**Introduction to Confidence Interval Estimates
2015(c) Thomas G. Groleau **(revised March 2018)

**Introduction**

Here is one of the most important concepts in statistics: **Interval
estimate = point estimate + margin of error**.

What's a point estimate? A "statistic" is something calculated from
sample data such as a sample mean or sample proportion. If we use that
value to estimate a characteristic of a population (also called a
parameter), then it becomes a **point estimate**.
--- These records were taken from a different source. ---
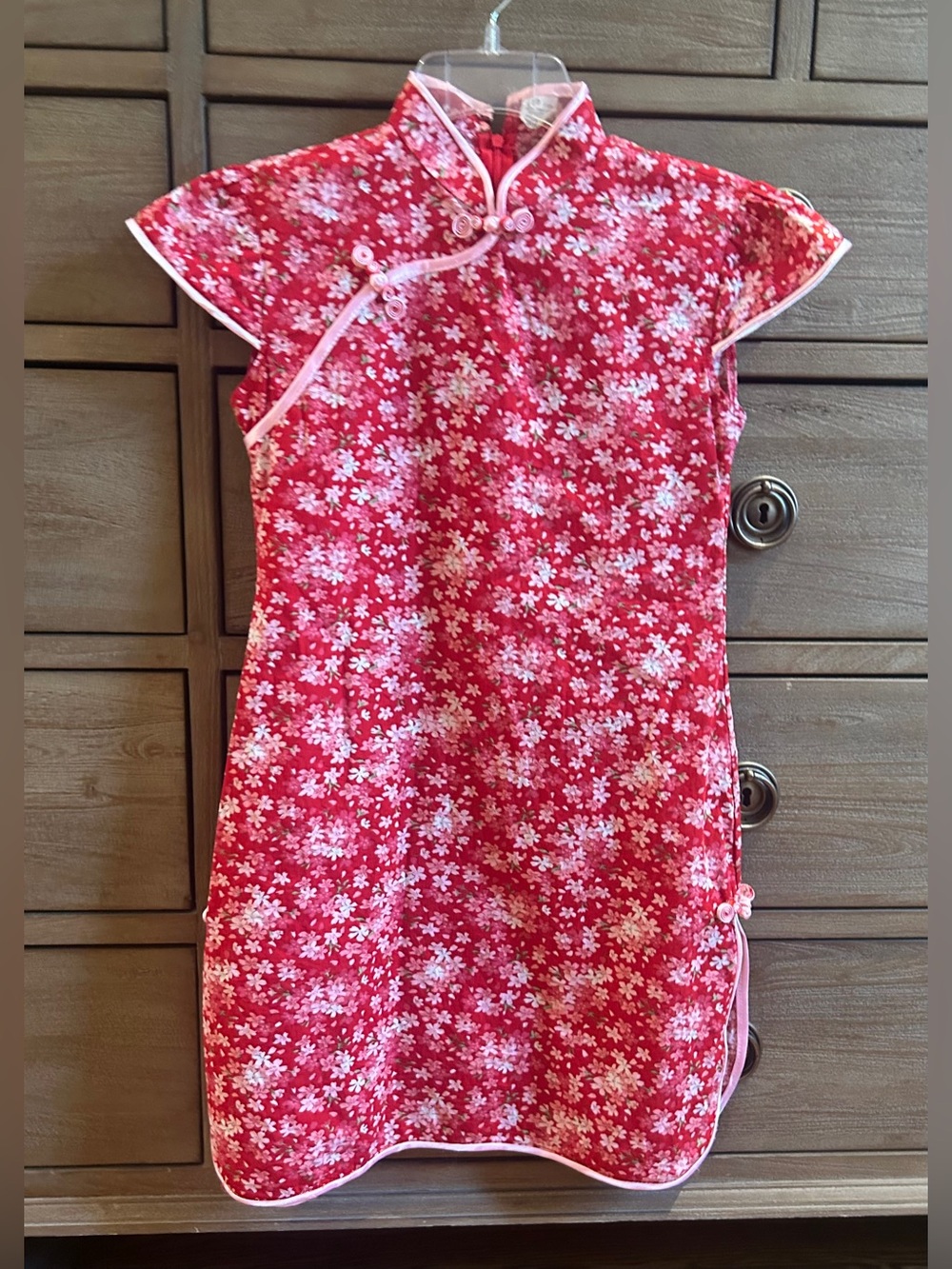 Girl’s Red Floral Cheongsam Dress with Pink Trim | 100% Cotton | Sz 10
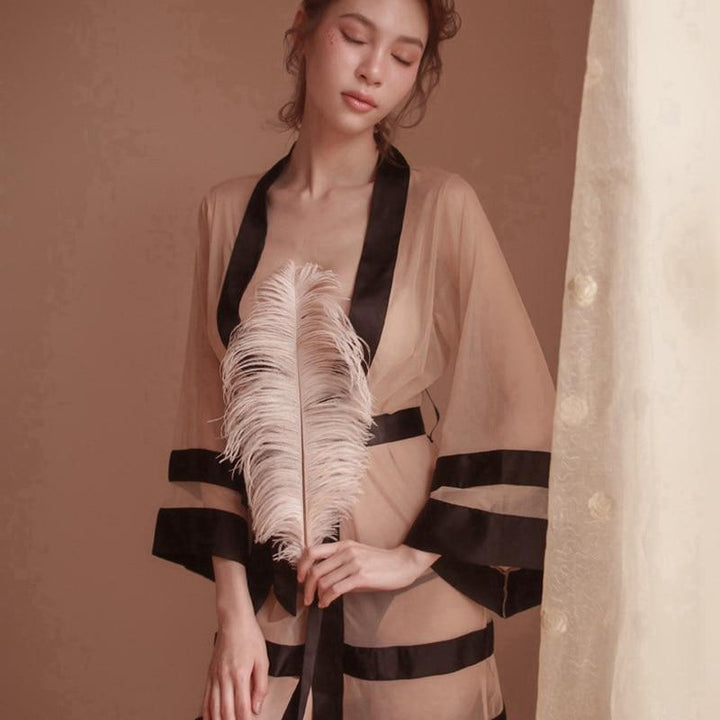 Sheer Mini Robe with Satin Edging Kimono Sleepwear - MomyMall BEIGE / S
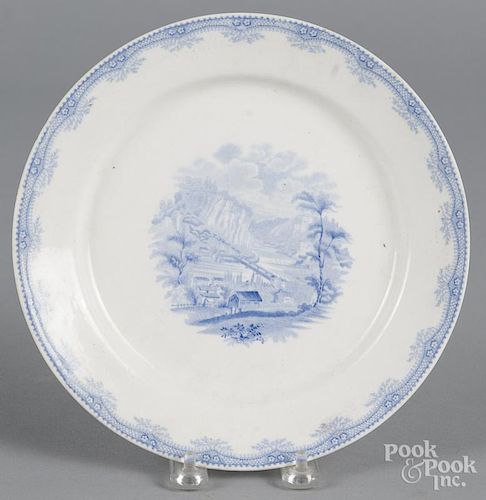 Historical Blue Staffordshire plate depicting Harper's Ferry from the Potomac Side, 9'' dia.
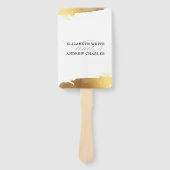 結婚式 プログラムモダンの黄金の金ゴールド縁 ハンドファン (正面)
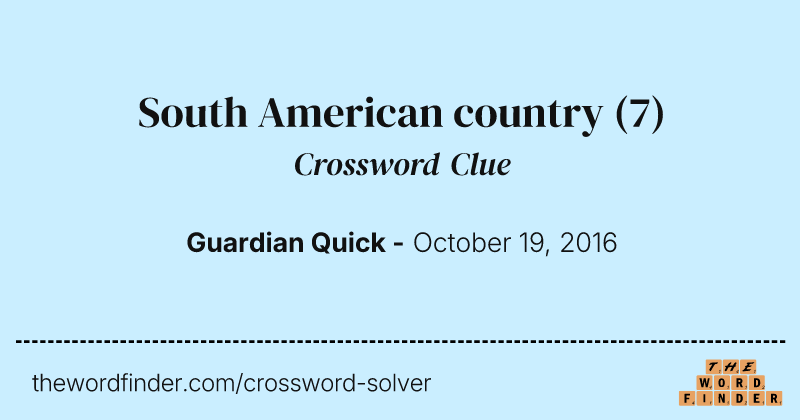 South American country crossword clue image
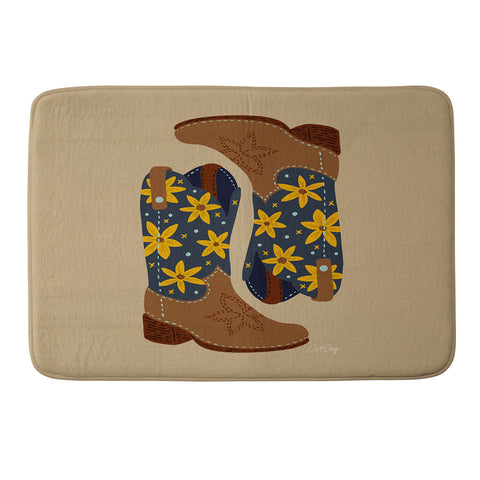 Cat Coquillette Cowgirl Boots Teal Yellow Memory Foam Bath Mat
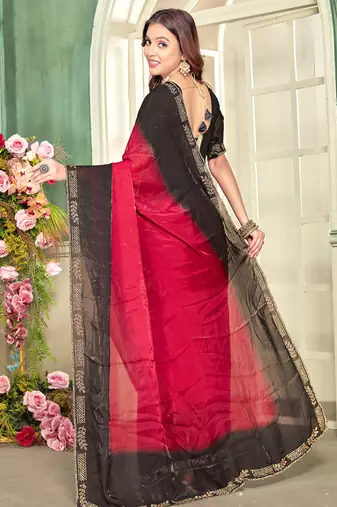 magenta black half n half trending designer saree for women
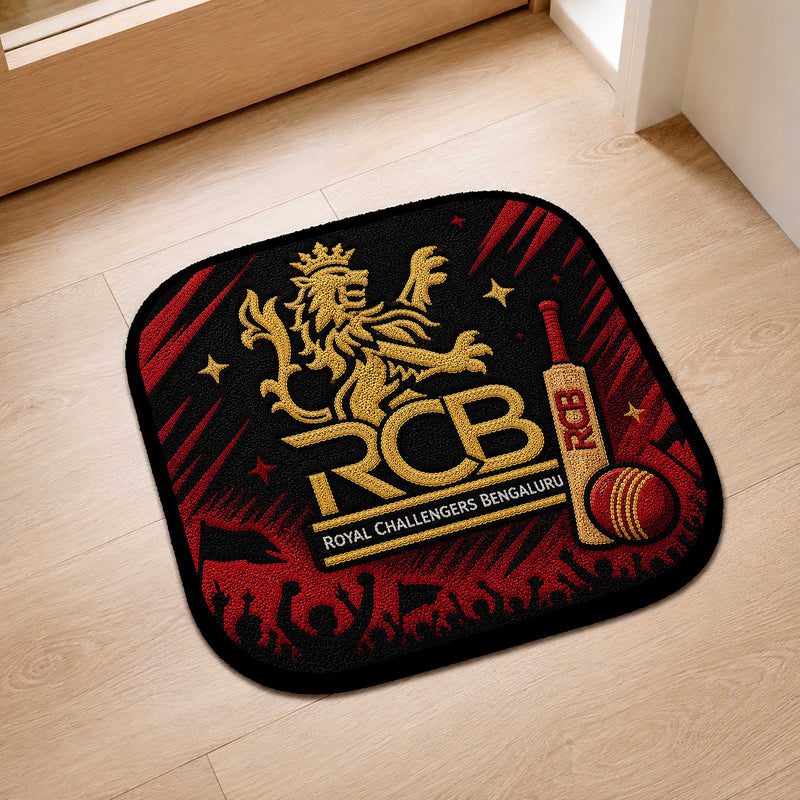 Royal Challengers Bengaluru RCB Logo Flat Rug | Cricket Fan Flat Rug | RCB Cricket Floor Mat for Bedroom, Gaming Room & Sports Decor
For example, suppose I want to know the mean annual income of all CPAs in
the state of Ohio. If I gather a representative sample of 75 CPAs and find
their mean annual income is $65,730, then I shouldn't expect the mean
annual income of **all** CPAs to be exactly $65,730. Of all
the numbers in the universe, this is the just the **point**
on the number line that I would use as my **estimate**. I
would hope that this estimate is 'close' to the parameter for all CPAs but
I need a **margin of error** to know how close. I also need
something called a confidence level, but we'll worry about that later.

**Estimating Proportions**

Read this article. It makes many data-based claims that could be discussed but we'll focus on the headline and the first two paragraphs.

The headline says "Almost Half of Americans Aren't Saving Nearly Enough". That sounds like a lot of people but what do they mean by "almost half" What is meant by"Americans"? We get the first answer in the first paragraph "A reported 46 percent of the country's consumers store less than 5 percent of their annual incomes into longer-term savings." That's more specific. It's not just "almost half", it's 46%.

But how did they get that number? They didn't ask me. Did they ask you? If they didn't ask all "Americans" then how can they claim to know anything about all of them?

We get some answers in the second paragraph: "The study, which surveyed 1,000 adults living in the continental U.S" This answers a lot of questions. "Americans" in the headline is a poorly defined term. Anyone living in North, Central or South America could legitimately claim to be an "American". This study restricts the term to "adults" (another undefined term) living in the continental U.S. (sorry Alaskans and Hawaiians).

The headline isn't necessarily wrong, it just isn't very specific. Now that we know a bit more about the study we can make a much clearer statement: Of 1,000 adults surveyed, 46% claim to store less than 5% of their annual incomes in longer-term savings. Do you think it's reasonable to survey 1,000 U.S. adults and apply the results to ALL U.S. adults?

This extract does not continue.